Assignment:
Set the records down again in full, exactly as they are, apart from the images.

Data shown:
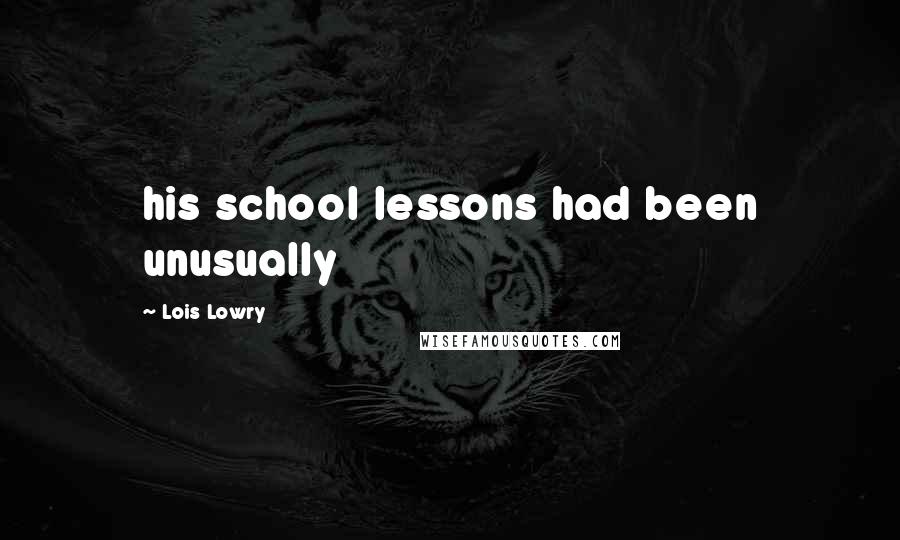 Lois Lowry Quotes: his school lessons had been unusually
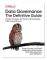 Data Governance: The Definitive Guide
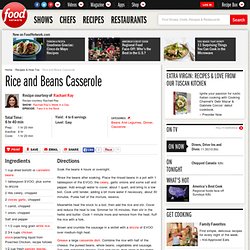 Rice and Beans Casserole Recipe : Rachael Ray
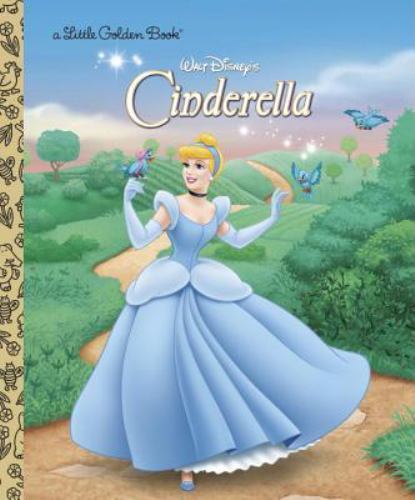 Walt Disney&rsquo;s Cinderella; a Little Golden Book- 0736423621, RH Disney, hardcover
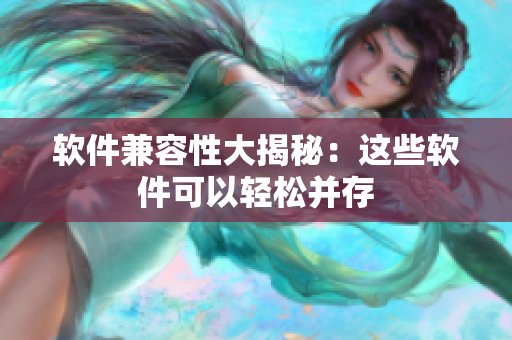软件兼容性大揭秘：这些软件可以轻松并存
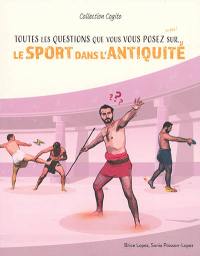 Toutes les questions que vous vous posez sur... le sport dans l'Antiquité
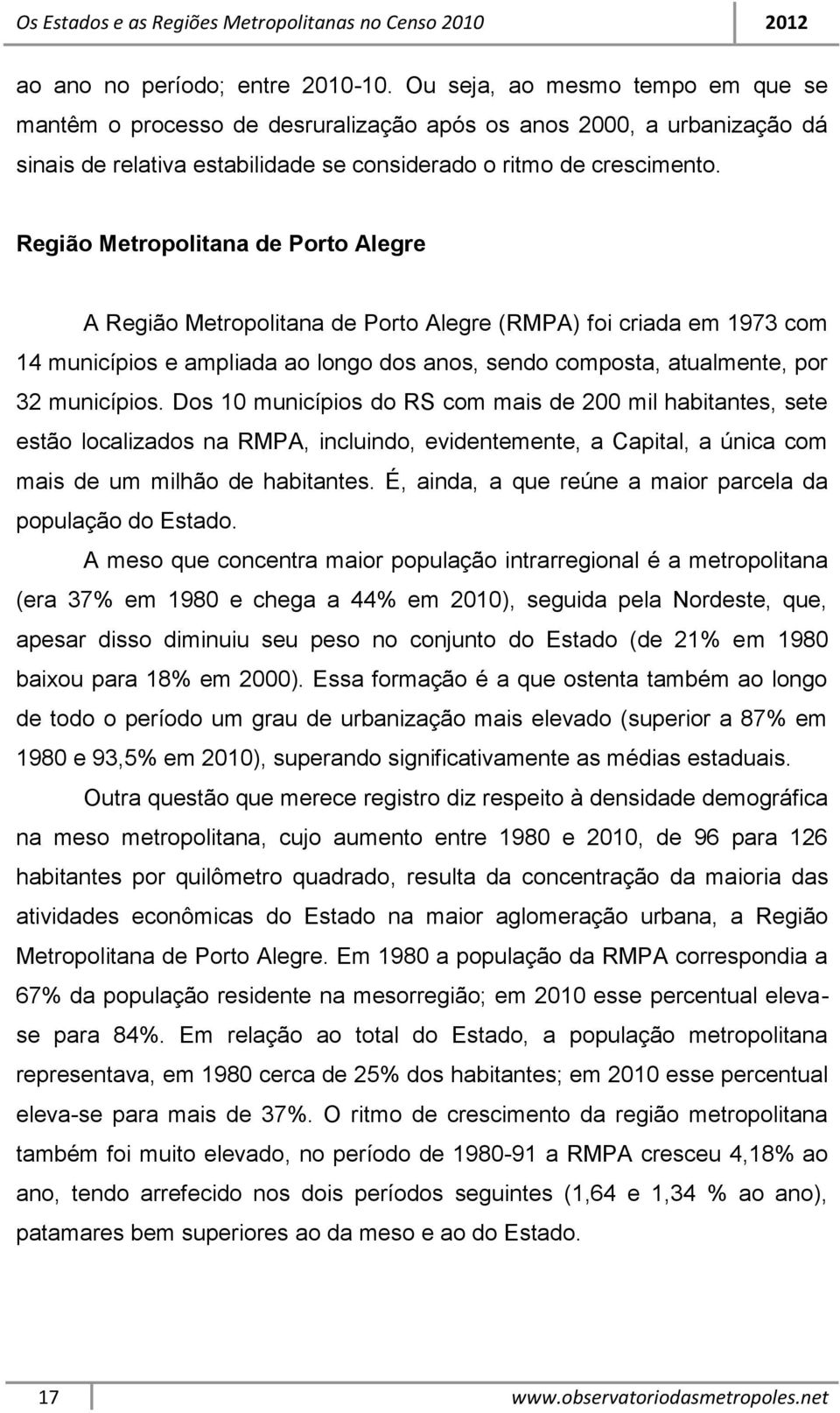 Região Metropolitana de Porto Alegre A Região Metropolitana de Porto Alegre (RMPA) foi criada em 1973 com 14 municípios e ampliada ao longo dos anos, sendo composta, atualmente, por 32 municípios.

Response box:
 Lois Lowry Quotes: his school lessons had been unusually
 Data Governance: The Definitive Guide
 Rice and Beans Casserole Recipe : Rachael Ray
 Walt Disney&rsquo;s Cinderella; a Little Golden Book- 0736423621, RH Disney, hardcover
软件兼容性大揭秘：这些软件可以轻松并存
 Toutes les questions que vous vous posez sur... le sport dans l'Antiquité
 Região Metropolitana de Porto Alegre A Região Metropolitana de Porto Alegre (RMPA) foi criada em 1973 com 14 municípios e ampliada ao longo dos anos, sendo composta, atualmente, por 32 municípios.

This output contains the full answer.